Peter Rowsthorn on 'Kath & Kim', 'Glengarry' and all things comedy

Posted by on 4 June 2015 | | 0 Comments


You might recognise Peter Rowsthorn as Brett Craig, the often distressed hubbie of Kim Craig (nee Day) on the very hilarious ‘Kath & Kim’ series. But Rowsthorn’s acting CV is packed with oh-so much more.
Where most actors begin their career on stage then end up becoming drama teachers when the work runs dry, Rowsthorn actually started his out as an acting teacher, moving into the entertainment industry when an opening became available (oo-er) in the very popular ‘The Comedy Company’ in 1989.
Since then, he has enjoyed stints in television and theatre – from the comical to the deadpan, and has even enjoyed occasional appearances in film.
A regular with the Black Swan State Theatre Company, Peter now calls Perth home and recently appeared in two of the company’s most successful productions, ‘The Importance Of Being Ernest’ and ‘Laughter On The 23 Floor’. Next up, Rowsthorn plays more of a serious character in David Mamet’s real estate epic, ‘Glengarry Glen Ross’, which opens this week at the Heath Ledger Theatre.
But wait, there’s more. Well, at least another real estate connection in Peter’s CV… He regularly presents on the television show ‘The West Real Estate Program’ – talking about real-life real estate issues in and around Perth.
Here he speaks with Rock Candy about letting go of the comical mask on occasion, his admiration for local talent, and of course, the modern epic that is ‘Glengarry’.
Interview by Andrea Manno / Photography by Robert Frith
Before we get on to the serious stuff of Glengarry Glen Ross, we’ve got to talk a bit about ‘Kath & Kim’. Was it enjoyable to play Brett Craig on the show?
It was. In fact it was a gift from heaven for me. We did ten years of that show. Every second year, we made another series. I knew all those guys from Melbourne and it was a bit of a hand-picked cast. It was good for me to play something that’s really flat and straight and doesn’t pull faces and doesn’t try to be funny. I was just the reactor, kind of like the audience, reacting to Kim, Kath, Kel and Sharon ’cause they were doing big things so I could be just a [sidekick] character. But it was a really, really enjoyable job.
When an office full of New York City real estate salesmen is given the news that all but the top two will be fired at the end of the week, the atmosphere begins to heat up. Shelly Levene, who allegedly has a sick daughter, does everything in his power to get better leads from his boss, but to no avail. When his co-worker Dave Moss comes up with a plan to steal the leads, things get complicated for this bunch of tough-talking salesmen.
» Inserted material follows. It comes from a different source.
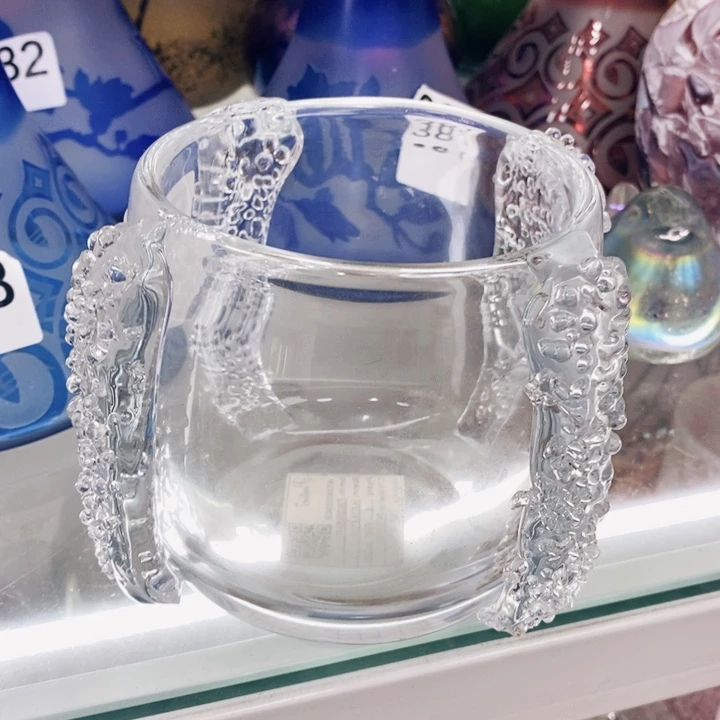 花瓶高11厘米宽10厘米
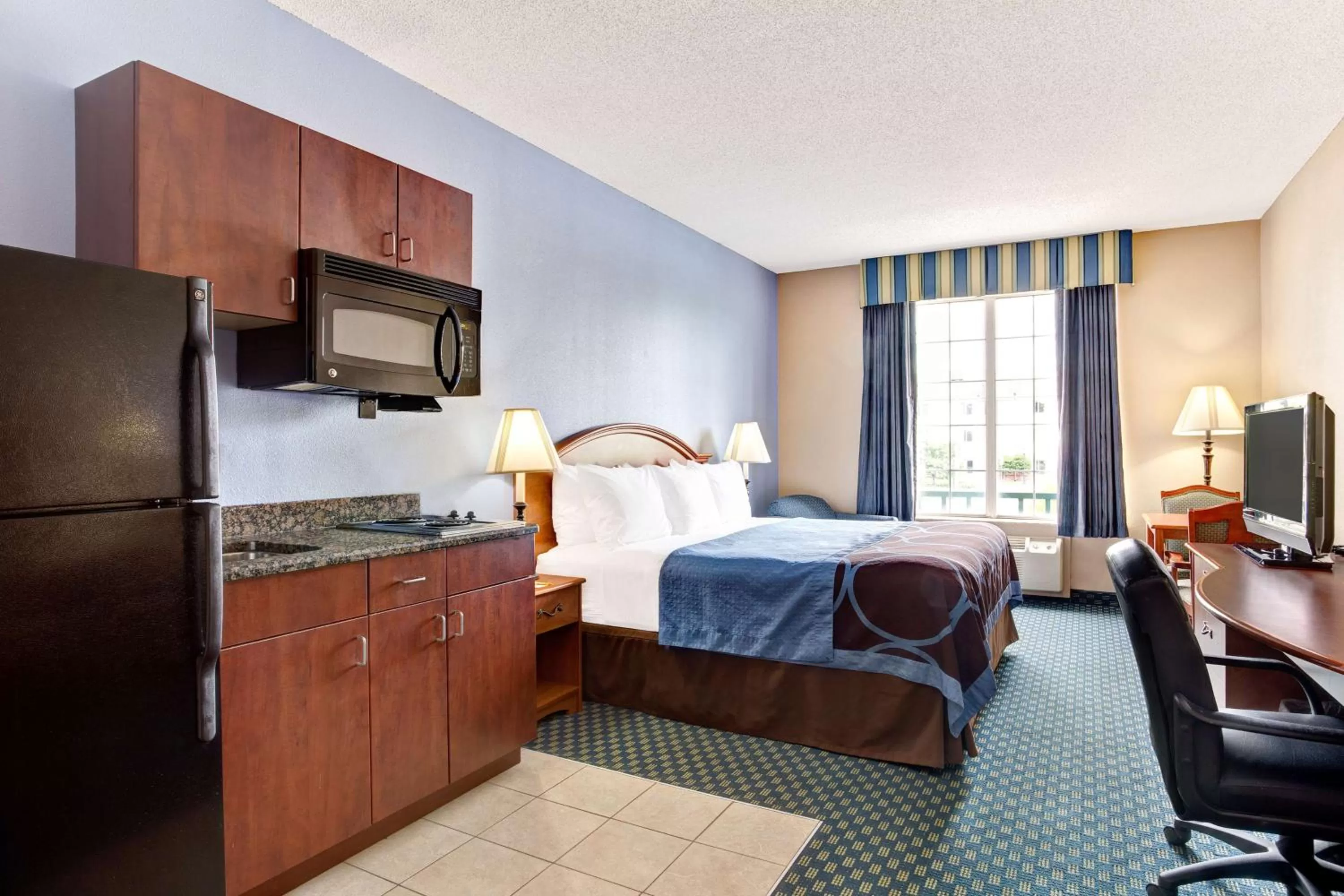 King Studio - Non-Smoking in Super 8 by Wyndham Smithfield-Selma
Do your family like watching re-runs of TV shows you’ve appeared in?
They watch bits and pieces. ‘Thank God You’re Here’ is back on Foxtel so they like watching that, especially the episodes I was in.
Tell me about your character in ‘Glengarry Glen Ross’?
Well, the play is about real estate. It’s about competition in the workplace; because all these guys are working on commission. Management have organised a leader board, if you’re not on the board for a certain amount of time or you haven’t raised enough money, you get given the ass. Or you just get given really shitty properties to sell; stuff that’s really hard to sell. So my character is in that position.
Your character Shelly ‘The Machine’ Levene is the oldest one there, yes?
Yep, he’s old and he’s just really desperate to keep his job. My first scene is with another guy sitting in a restaurant trying to save our jobs. There’s a lot happening that’s really fun and interesting. And there’s plenty of drama. There’s a robbery and we have to work out who it is; so it’s sort of a ‘who dunnit’ as well. It’s a whole lot of guys trying to have one up on each other, playing high status, dissing each other, but also backing each other up when it’s called for. It’s fun playing characters like that because it gives you something to hang your hat on.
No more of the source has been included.